Each line below from the one containing "Yellow Gold Diamond Statement Pendant" through the one containing "Alfombrilla De Ratón" is to be given again exactly, and no line outside that span.

■ ■ ■

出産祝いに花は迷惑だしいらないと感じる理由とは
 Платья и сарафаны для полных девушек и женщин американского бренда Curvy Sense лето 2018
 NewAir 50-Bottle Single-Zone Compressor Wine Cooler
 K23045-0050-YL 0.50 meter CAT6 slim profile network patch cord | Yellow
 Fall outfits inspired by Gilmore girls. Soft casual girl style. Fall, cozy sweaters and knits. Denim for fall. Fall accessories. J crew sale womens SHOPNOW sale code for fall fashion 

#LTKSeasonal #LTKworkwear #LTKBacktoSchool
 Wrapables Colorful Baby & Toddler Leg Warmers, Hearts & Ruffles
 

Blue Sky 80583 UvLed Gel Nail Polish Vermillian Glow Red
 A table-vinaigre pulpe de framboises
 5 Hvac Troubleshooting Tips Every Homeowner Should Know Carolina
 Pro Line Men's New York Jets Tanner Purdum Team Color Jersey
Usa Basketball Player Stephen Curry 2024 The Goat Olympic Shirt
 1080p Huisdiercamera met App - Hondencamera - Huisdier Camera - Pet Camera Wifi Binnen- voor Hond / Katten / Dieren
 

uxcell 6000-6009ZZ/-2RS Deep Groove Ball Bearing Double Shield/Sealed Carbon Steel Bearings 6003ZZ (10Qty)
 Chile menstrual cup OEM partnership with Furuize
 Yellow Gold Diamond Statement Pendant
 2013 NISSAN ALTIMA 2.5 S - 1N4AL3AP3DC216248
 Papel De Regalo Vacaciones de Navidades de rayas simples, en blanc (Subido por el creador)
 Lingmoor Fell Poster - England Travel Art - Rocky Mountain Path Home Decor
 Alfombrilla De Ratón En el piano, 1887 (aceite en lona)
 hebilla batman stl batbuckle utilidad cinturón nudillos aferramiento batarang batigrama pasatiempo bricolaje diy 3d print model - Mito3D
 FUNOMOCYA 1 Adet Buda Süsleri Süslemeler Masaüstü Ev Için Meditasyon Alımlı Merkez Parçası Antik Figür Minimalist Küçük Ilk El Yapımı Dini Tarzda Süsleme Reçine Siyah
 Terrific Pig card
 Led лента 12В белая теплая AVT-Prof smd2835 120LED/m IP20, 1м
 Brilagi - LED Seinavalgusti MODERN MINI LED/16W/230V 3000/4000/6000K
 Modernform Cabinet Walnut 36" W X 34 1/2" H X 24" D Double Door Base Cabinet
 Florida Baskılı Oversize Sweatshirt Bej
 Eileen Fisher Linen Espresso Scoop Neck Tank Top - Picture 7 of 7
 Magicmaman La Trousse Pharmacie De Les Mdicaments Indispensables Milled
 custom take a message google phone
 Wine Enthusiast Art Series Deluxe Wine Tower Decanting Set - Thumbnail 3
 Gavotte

■ ■ ■

> _EXERCISE SOLUTION_
 Yellow Gold Diamond Statement Pendant
 2013 NISSAN ALTIMA 2.5 S - 1N4AL3AP3DC216248
 Papel De Regalo Vacaciones de Navidades de rayas simples, en blanc (Subido por el creador)
 Lingmoor Fell Poster - England Travel Art - Rocky Mountain Path Home Decor
 Alfombrilla De Ratón En el piano, 1887 (aceite en lona)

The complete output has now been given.